Dynamic scaling is recommended for autoscale workloads that are nonuniform across regions and partitions. This feature allows you to save cost if you often experience hot partitions and/or have multiple regions. When enabled, dynamic scaling applies to all autoscale resources in the account.

Use cases

  • Database workloads that have a highly trafficked primary region and a secondary passive region for disaster recovery.
    • With dynamic scaling, achieving high availability with multiple regions is more cost effective. The secondary region independently and automatically scales down while idle. The secondary region also automatically scales up as it becomes active and while handling write replication traffic from the primary region.
  • Multi-region database workloads.
    • These workloads often observe uneven distribution of requests across regions due to natural traffic growth and dips throughout the day. For example, a database might be active during business hours across globally distributed time zones.

Example

For example, if we have a collection with 1000 RU/s and 2 partitions, each partition can go up to 500 RU/s. For one hour of activity, the utilization would look like this:

Region Partition Throughput Utilization Notes
Write P1 <= 500 RU/s 100% 500 RU/s consisting of 50 RU/s used for write operations and 450 RU/s for read operations.
Write P2 <= 200 RU/s 40% 200 RU/s consisting of all read operations.
Read P1 <= 150 RU/s 30% 150 RU/s consisting of 50 RU/s used for writes replicated from the write region. 100 RU/s are used for read operations in this region.
Read P2 <= 50 RU/s 10%

Because all partitions are scaled uniformly based on the hottest partition, both the write and read regions are scaled to 1000 RU/s, making the total RU/s as much as 2000 RU/s.

With dynamic scaling, you can optimize your throughput. The total consumption would be 900 RU/s as each partition or region's throughput is scaled independently and measured per hour using the same scenario.

Monitoring dynamic autoscale

You can use the following metrics to monitor dynamic autoscale:

Metric Name Definition Metric Usage
Autoscaled RU Shows the dynamically scaled provisioned throughput at each partition and region level only for dynamic autoscale enabled accounts. Use this metric to see how partitions in each region scale independently based on their usage.

Use Azure Monitor metrics - Autoscaled RU to analyze how the new autoscaling is applied across partitions and regions. Filter to your desired database account and container, then filter or split by the Physical PartitionID metric. This metric shows all partitions across their various regions.
Provisioned Throughput Shows the aggregated highest RU/s scaled to across the hour, and represents the total RU/s scaled to for the hour.
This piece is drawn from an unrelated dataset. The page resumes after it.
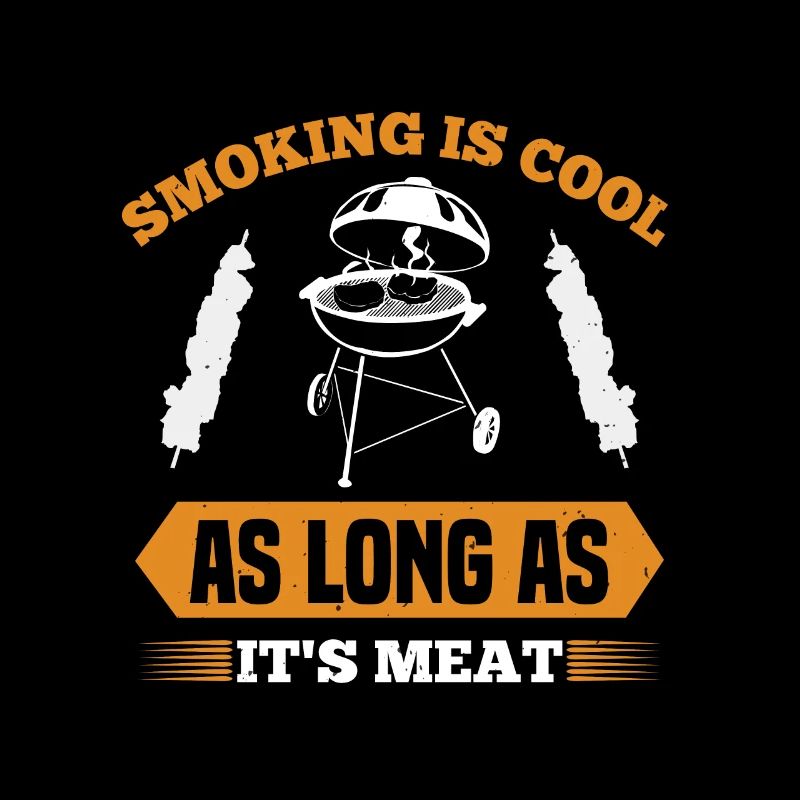 FUMER EST COOL TANT QUE C’EST DE LA VIANDE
You can use the Provisioned Throughput metric to see the RU/s you're billed for in each hour. With dynamic autoscale, you're billed for the aggregated highest RU/s scaled to in each hour at each partition and region level.
Normalized RU Consumption This metric represents the ratio of consumed RU/s to provisioned RU/s at each partition and region level. Use this metric to determine if the autoscale maximum throughput is under or over-provisioned.

If the metric value is consistently 100% and your application is seeing rate-limiting (429 error code), then you might need more RU/s. In contrast, if this metric value is low and there's no rate-limiting, then there might be room to optimize and scale-down the RU/s. Learn how to interpret and debug code 429 rate limiting errors.

The Normalized RU Consumption metric reflects the RU/s consumed in secondary region due to write replication traffic from the primary, in addition to any read traffic on the secondary.

Get started

Dynamic scaling is enabled by default for all Azure Cosmos DB accounts created after September 25, 2024. Customers who wish to enable this feature for their older accounts can do so programmatically through Azure PowerShell/CLI/Rest API or from the features pane of Azure portal as shown:

  1. Navigate to your Azure Cosmos DB account in the Azure portal.

  2. Navigate to the Features page.

  3. Locate and enable the Dynamic Scaling (Per Region and Per Partition Autoscale) feature.

    Screenshot of the 'Dynamic Scaling (Per Region and Per Partition Autoscale)' feature in the Azure portal.

    Important

    The feature is enabled at the account level, so all autoscale containers and shared throughput databases within the account will automatically have this capability applied. Enabling this feature does not affect resources in the account that are using manual throughput. Manual resources will need to be changed to autoscale to take advantage of dynamic scaling. Enabling this feature has zero downtime or performance impact. This feature is not applicable for serverless accounts.